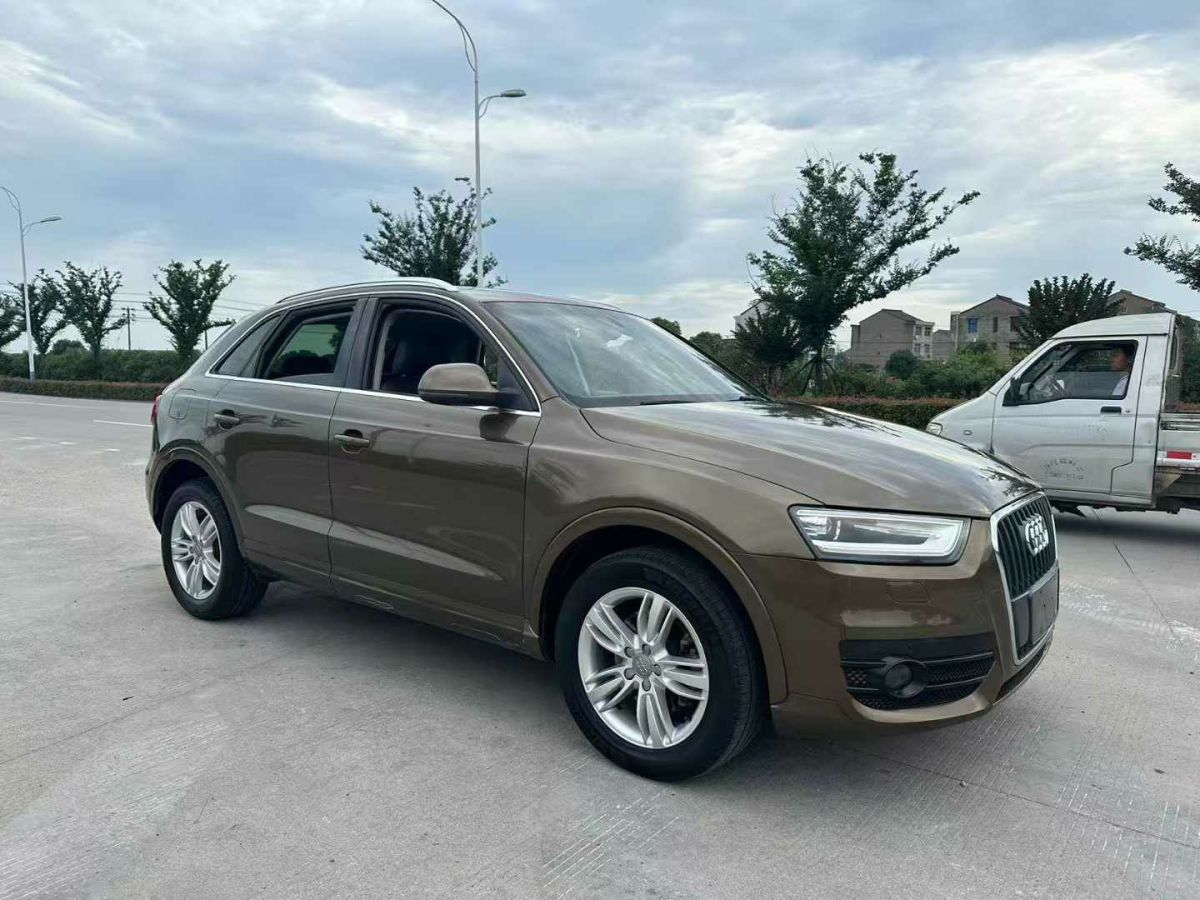 奧迪 奧迪Q3  2015款 Q3 2.0TFSI 35TFSI 進(jìn)取型圖片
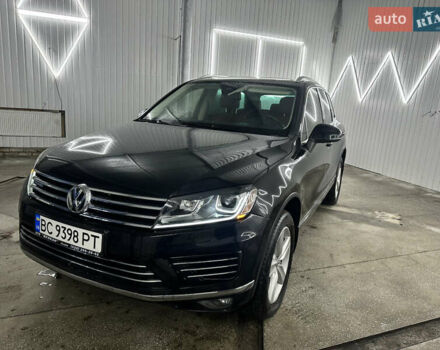 Черный Фольксваген Туарег, объемом двигателя 3 л и пробегом 56 тыс. км за 27000 $, фото 3 на Automoto.ua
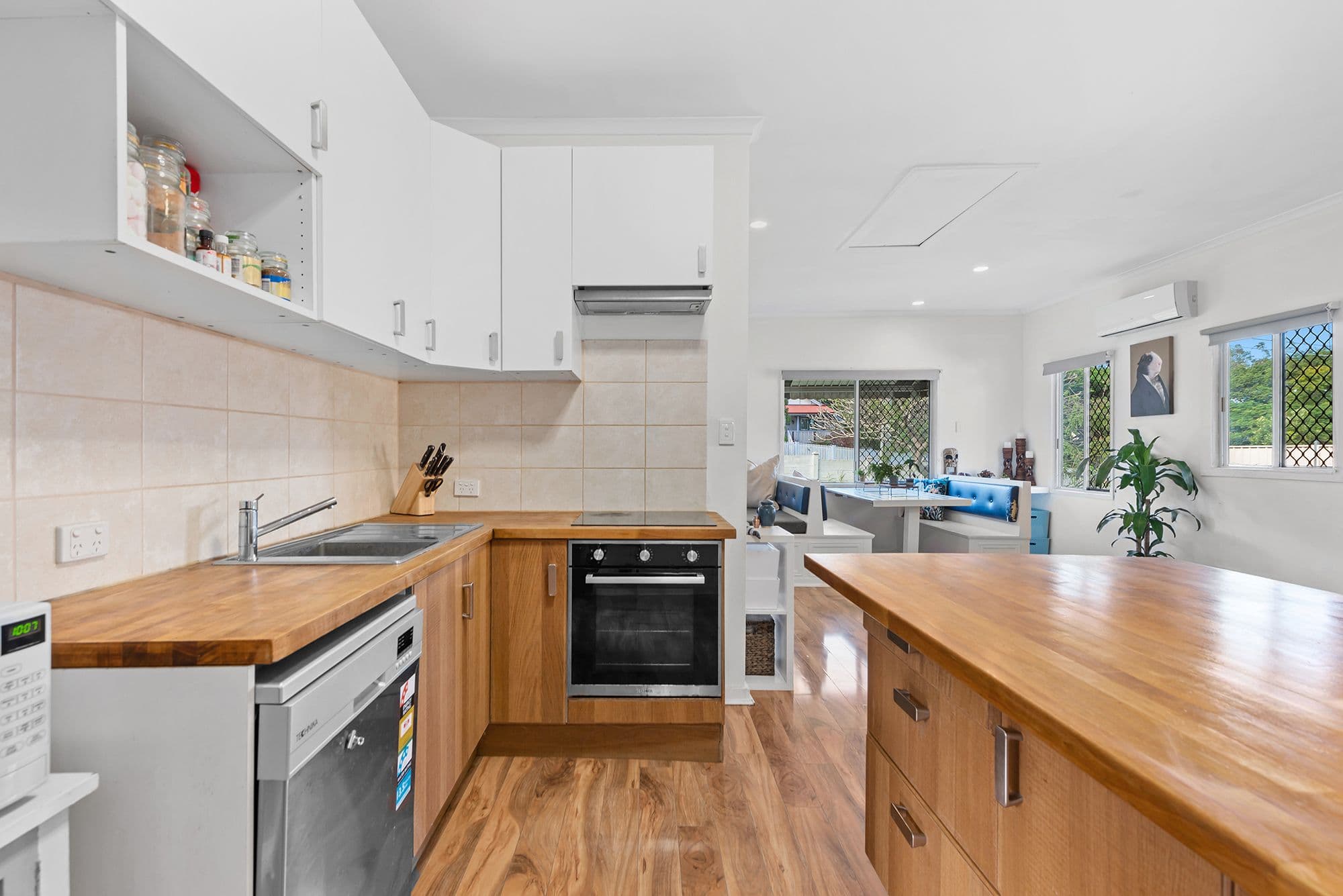 82 Fegen Drive, Moorooka QLD 4105, Moorooka - Image 1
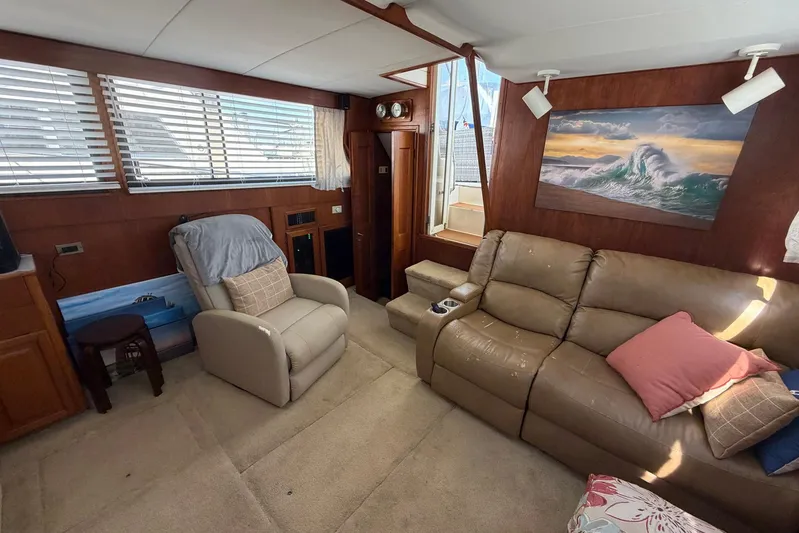 Frayed Knot Yacht Photos Pics Interior of 1987 Viking 44 Motor Yacht with comfortable seating and nautical decor.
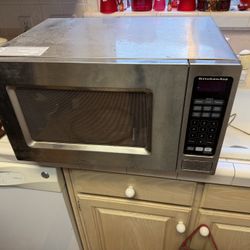 Kitchen-Aid Microwave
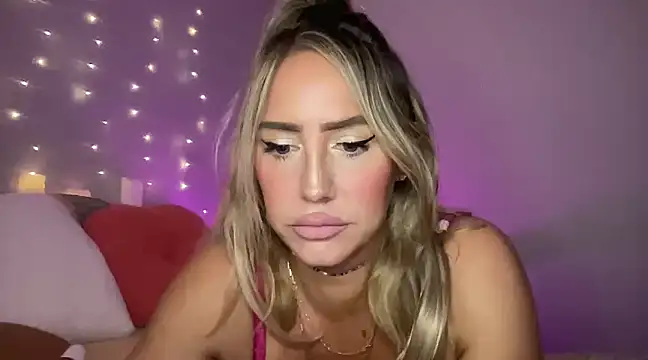 Snapshot of Fitnessbabe69 chatting on 02.10.25 Fitnessbabe69 online show from 02.10.25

INSTRUCTIONS TO FOLLOW - Starting from the line that contains "Kitchen-Aid Microwave", transcribe exactly each line down to the final line of the material above, excluding every picture and adding nothing else.

COMPLETED TASK -
 Kitchen-Aid Microwave
 Snapshot of Fitnessbabe69 chatting on 02.10.25 Fitnessbabe69 online show from 02.10.25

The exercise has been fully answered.